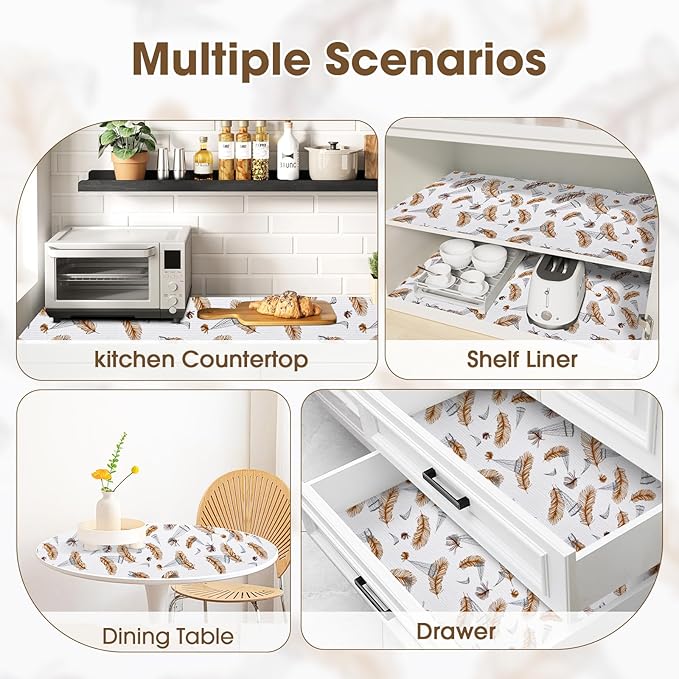 Drawer and Shelf Liner, Non-Slip Kitchen Cabinet Liners Non-Adhesive Thick Strong Grip Waterproof Washable Mats Protect Dresser Shelves Cupboard Bathroom Cabinets, Feather, 12 in X 10 FT - Image 9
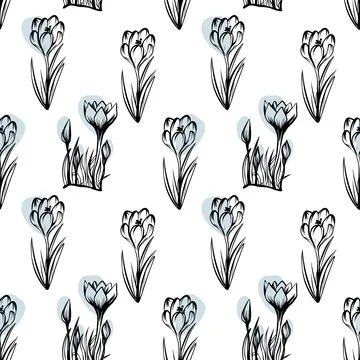 Seamless pattern with spring and summer colors. Sketch-style crocus hand-drawn 스톡 일러스트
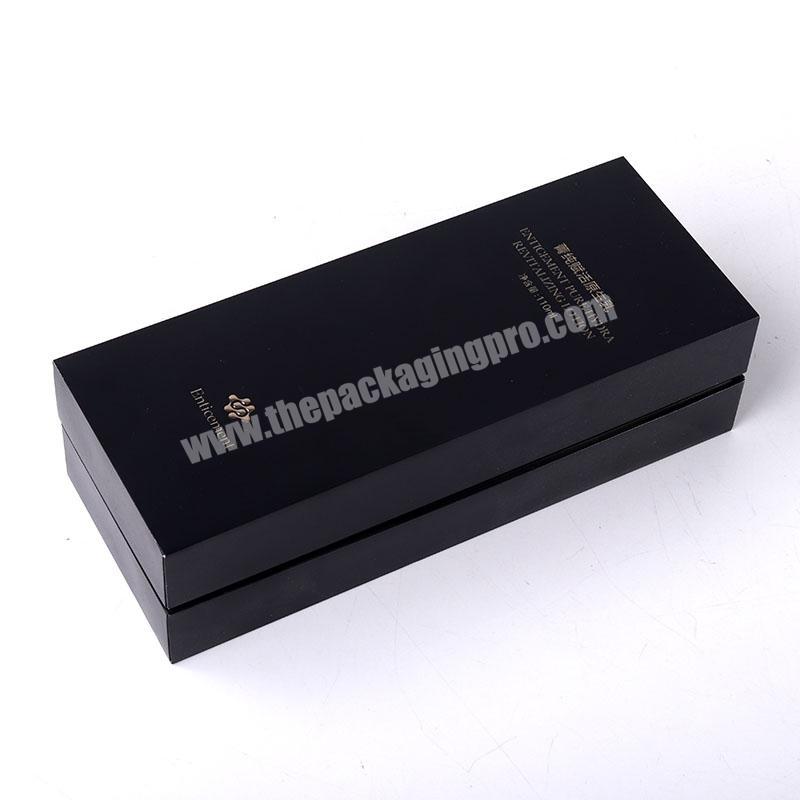 Custom Made Matte Black Long Cosmetic Gift Box Wood Skin Care Product Packaging Box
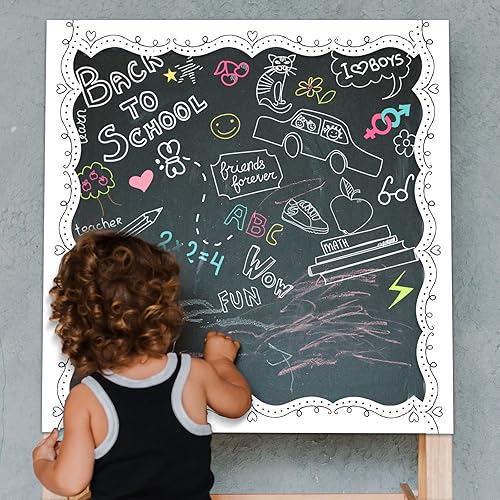 Miniatura 5 de Bordes blancos de 69 pies para el aula, garabatos y puntos, bordes de tablón de anuncios, blanco y negro, papel enrollado para profesores, borde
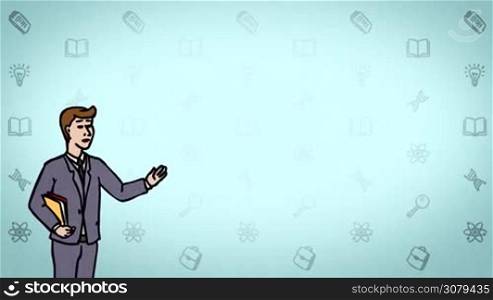 Animated 2D Character Young man dressed in a suit (Student, Learner, Pupil,...) standing on the side and says pointing at the center of the composition. The average plan of the character. The character is drawn with a curved animated outline. Azure background. Animation looped.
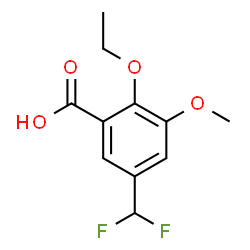 ChemSpider 2D Image | 5-(Difluoromethyl)-2-ethoxy-3-methoxybenzoic acid | C11H12F2O4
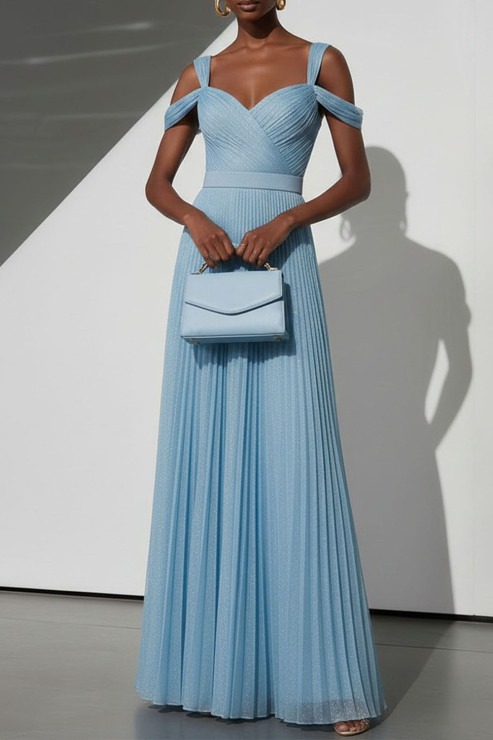 Sky Blue Formal Evening Dress Cold Shoulder Pleated Maxi Dress
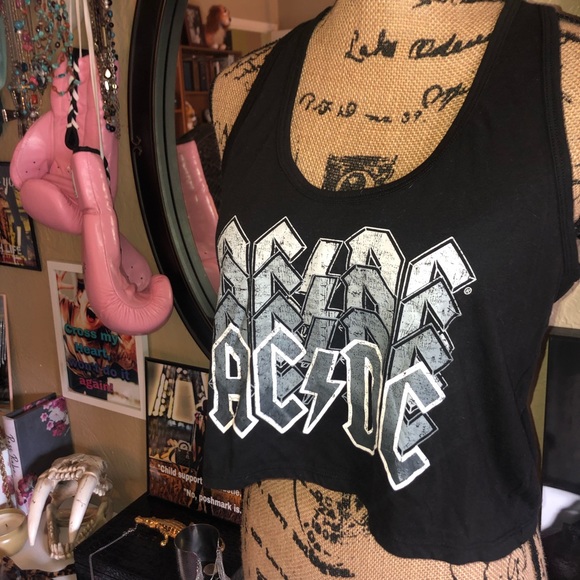 -GIFTED-AC/DC Razorback Tank Crop Top - Picture 2 of 6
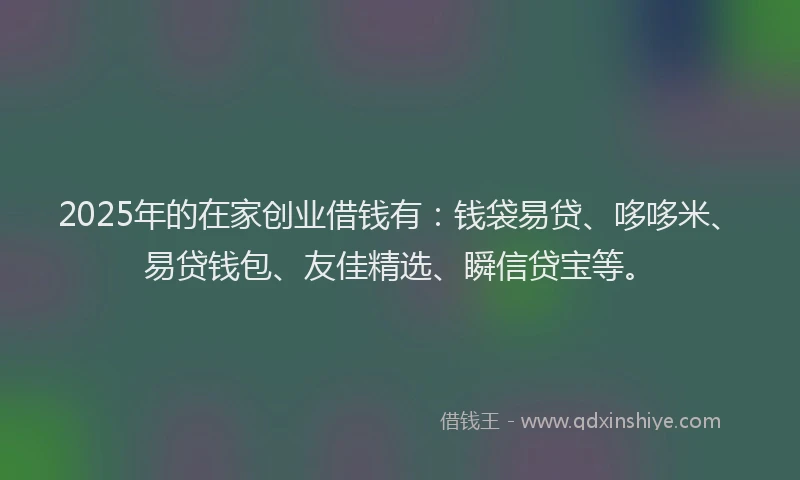 2025年的在家创业借钱有：钱袋易贷、哆哆米、易贷钱包、友佳精选、瞬信贷宝等。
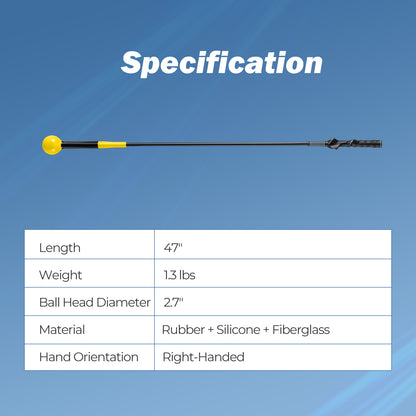 Golf Swing Trainer Aid 47inch/40inch/31.5inch Warm-up Practice Stick with Weighted Head for Grip-Yellow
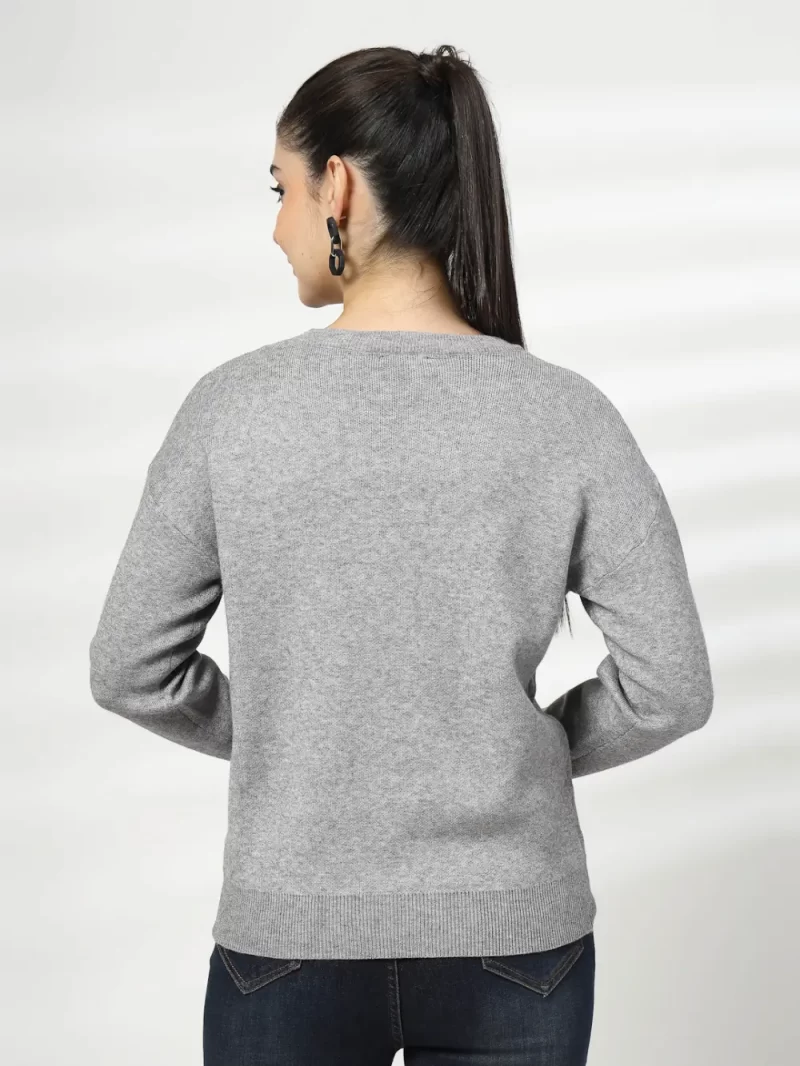 Women Graphic Printed Round Neck Fleece Pullover Ribbed Sweatshirt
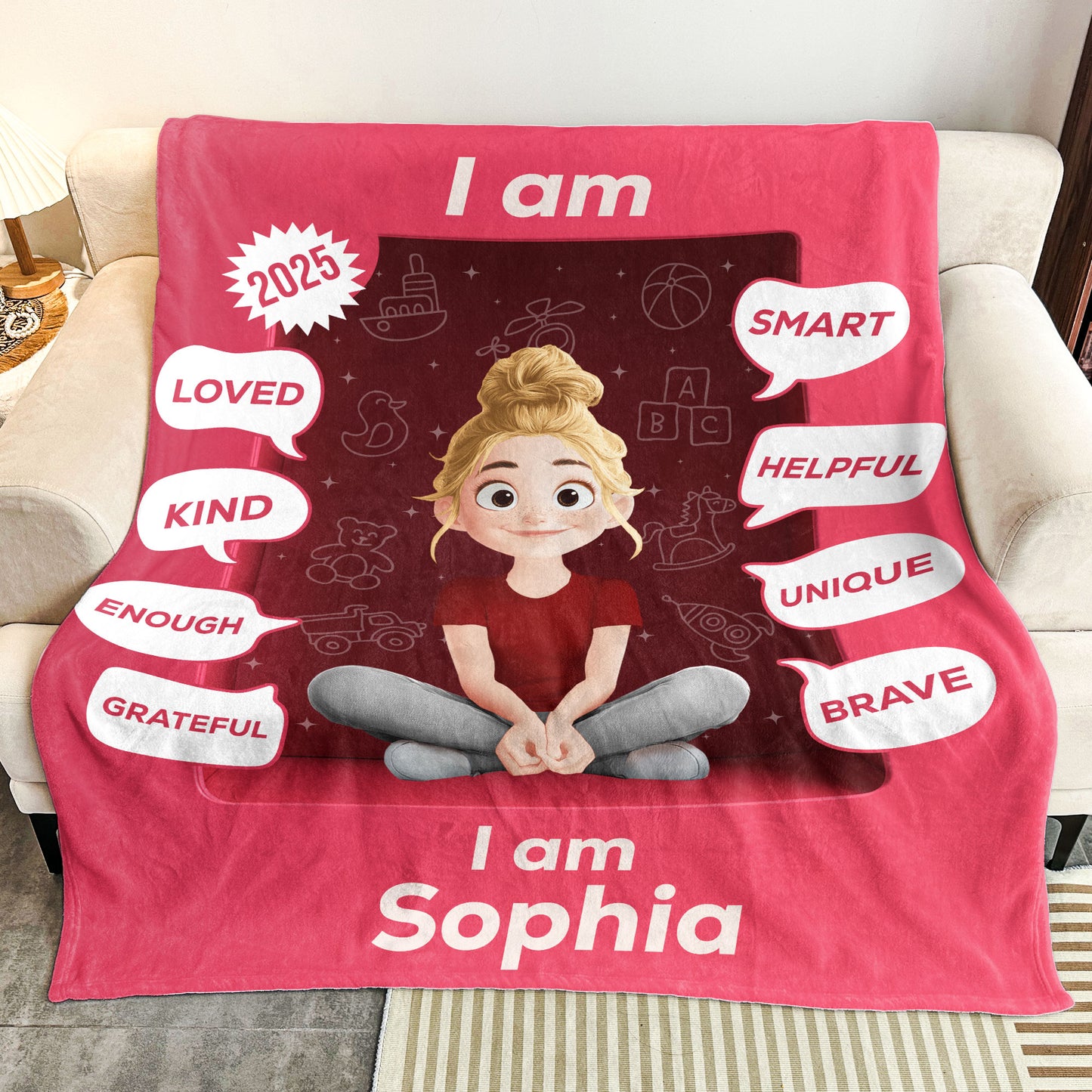 I Am Kind Kid Affirmation Toy Box - Personalized Blanket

○ ○ ○ ○ ○ ○ ○

* What to produce *
Retype the data word for word and keep the pictures out of it.

* Completed task *
 Drawer and Shelf Liner, Non-Slip Kitchen Cabinet Liners Non-Adhesive Thick Strong Grip Waterproof Washable Mats Protect Dresser Shelves Cupboard Bathroom Cabinets, Feather, 12 in X 10 FT - Image 9
 Seamless pattern with spring and summer colors. Sketch-style crocus hand-drawn 스톡 일러스트
 Custom Made Matte Black Long Cosmetic Gift Box Wood Skin Care Product Packaging Box
 Miniatura 5 de Bordes blancos de 69 pies para el aula, garabatos y puntos, bordes de tablón de anuncios, blanco y negro, papel enrollado para profesores, borde
 Animated 2D Character Young man dressed in a suit (Student, Learner, Pupil,...) standing on the side and says pointing at the center of the composition. The average plan of the character. The character is drawn with a curved animated outline. Azure background. Animation looped.
 ChemSpider 2D Image | 5-(Difluoromethyl)-2-ethoxy-3-methoxybenzoic acid | C11H12F2O4
 Sky Blue Formal Evening Dress Cold Shoulder Pleated Maxi Dress
 -GIFTED-AC/DC Razorback Tank Crop Top - Picture 2 of 6
 2025年的在家创业借钱有：钱袋易贷、哆哆米、易贷钱包、友佳精选、瞬信贷宝等。
 Golf Swing Trainer Aid 47inch/40inch/31.5inch Warm-up Practice Stick with Weighted Head for Grip-Yellow
 Women Graphic Printed Round Neck Fleece Pullover Ribbed Sweatshirt
 I Am Kind Kid Affirmation Toy Box - Personalized Blanket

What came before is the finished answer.